Wednesday, October 19, 2005 | The City Council chose not to transfer the Fairbanks Ranch Country Club and other city-owned properties to its underfunded pension system on Tuesday, rejecting a proposal to settle a civil lawsuit that argues that the city did not fully fund its pension system for almost a decade.

The council unanimously chose to reject the agreement proposed by plaintiffs’ attorney Michael Conger that would have required the city to transfer nine parcels of city land totaling $130 million. In June, Conger filed the lawsuit on behalf of former city worker William McGuigan, alleging that the city has not paid a financially sound amount into the San Diego City Employees’ Retirement System since 1996.

A lawsuit filed in 2004 by city retiree James Gleason, who was also represented by Conger, was settled after the city pledged to pay an actuarially sound amount into the fund beginning with the current fiscal year. The Gleason suit was grounded in the same evidence that showed the city was underfunding the system, Conger said.

This year’s payment compares with $130 million in the previous fiscal year. The increased payment forced the city to cut back on other day-to-day expenditures, such as library hours, park maintenance and police community service officers. Next year’s payment will likely exceed $200 million.

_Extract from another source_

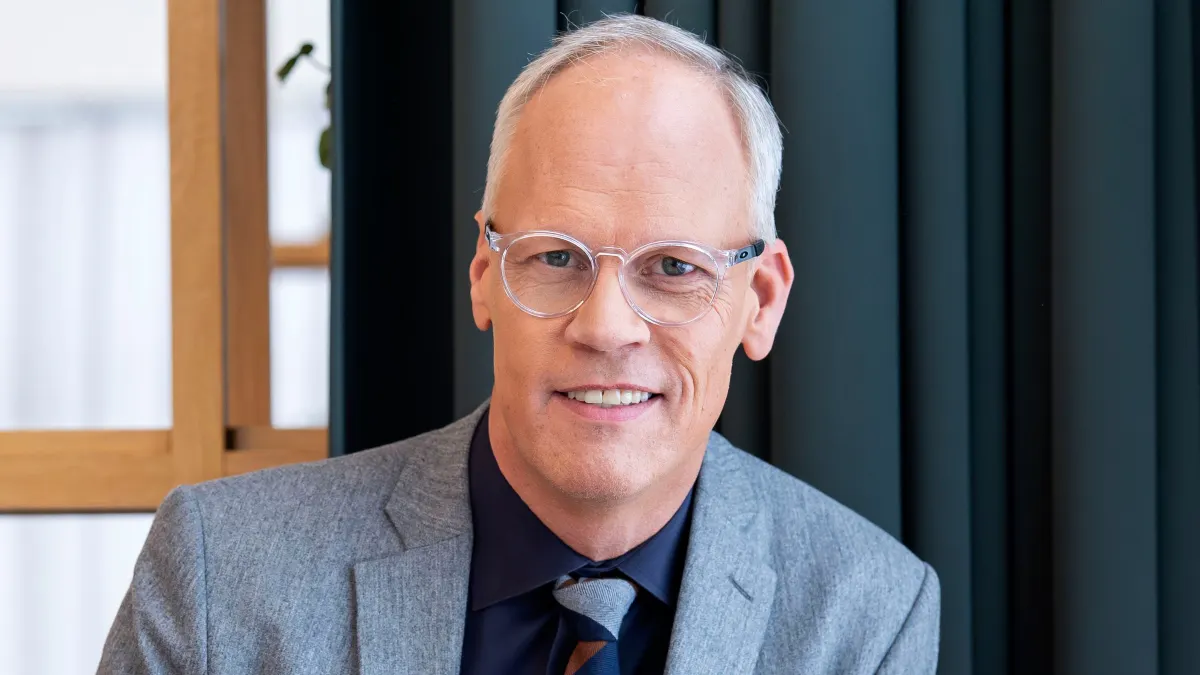 Dennis Ritter er ikke bange for at indtage dansegulvet: Denne musik ...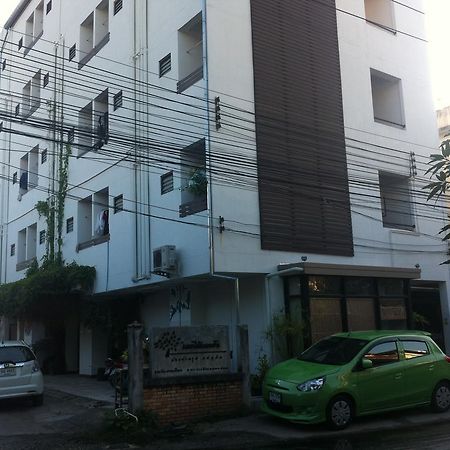Chiangmai Tree Hostel Chiang Mai Bagian luar foto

In addition to Fairbanks Ranch, Conger proposes that Sports Arena Village, the World Trade Center on Cortez Hill and six other undeveloped properties around town be transferred. The nine properties were being used as collateral on making payments that complied with the Gleason settlement, but that ended in July when the city paid $163 million.

Five of the six council members voted against Conger’s proposal, with Councilman Brian Maienschein absent from the closed session meeting.

Councilman Tony Young, who has supported selling off excess public land to raise revenue to curb cuts to the city’s day-to-day budget, said he didn’t want to act hastily. He wanted city management and the City Attorney’s Office to study the action more thoroughly, he said.

“We haven’t had that conversation to my satisfaction yet,” Young said.

Councilman Jim Madaffer also said it was too early to settle the case, although he reiterated that he believes that the pension fund needs to be better funded.

“I agree with the basic tenets of the case, that the city needs to make whole what it has not paid into the pension system since 1996,” Madaffer said. “The real issue with this case is that the city has not even been served yet.”

In its latest round of labor contracts, the city pledged to infuse a lump payment of $600 million into SDCERS by the 2008 fiscal year in addition to annual contributions that over that period total at least $500 million.